◆ DATA EXCERPT:
= = = =

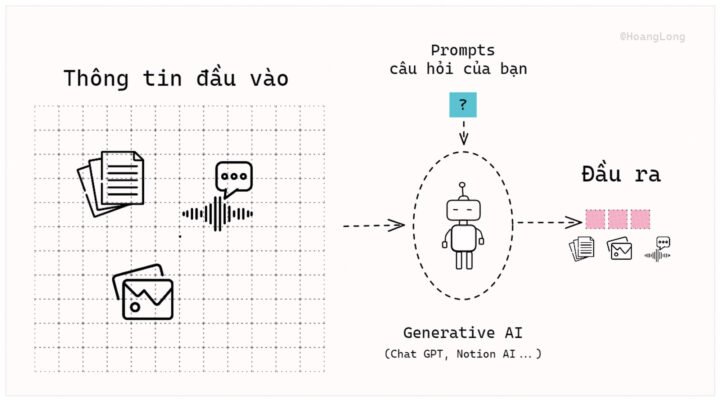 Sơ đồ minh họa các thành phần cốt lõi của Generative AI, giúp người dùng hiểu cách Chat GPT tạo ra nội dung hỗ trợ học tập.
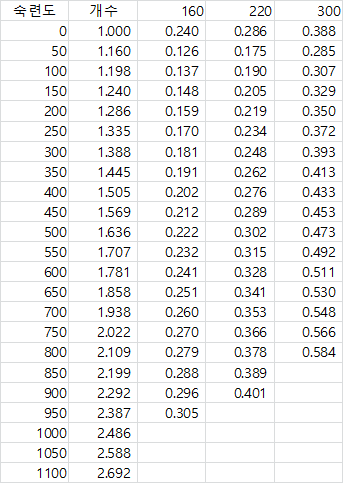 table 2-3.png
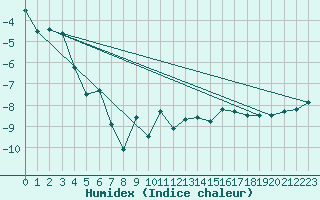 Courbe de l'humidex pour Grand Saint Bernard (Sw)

= = = =

Return the listing above unaltered, omitting its pictures.

◆ WORKED SOLUTION:
 Sơ đồ minh họa các thành phần cốt lõi của Generative AI, giúp người dùng hiểu cách Chat GPT tạo ra nội dung hỗ trợ học tập.
 table 2-3.png
 Courbe de l'humidex pour Grand Saint Bernard (Sw)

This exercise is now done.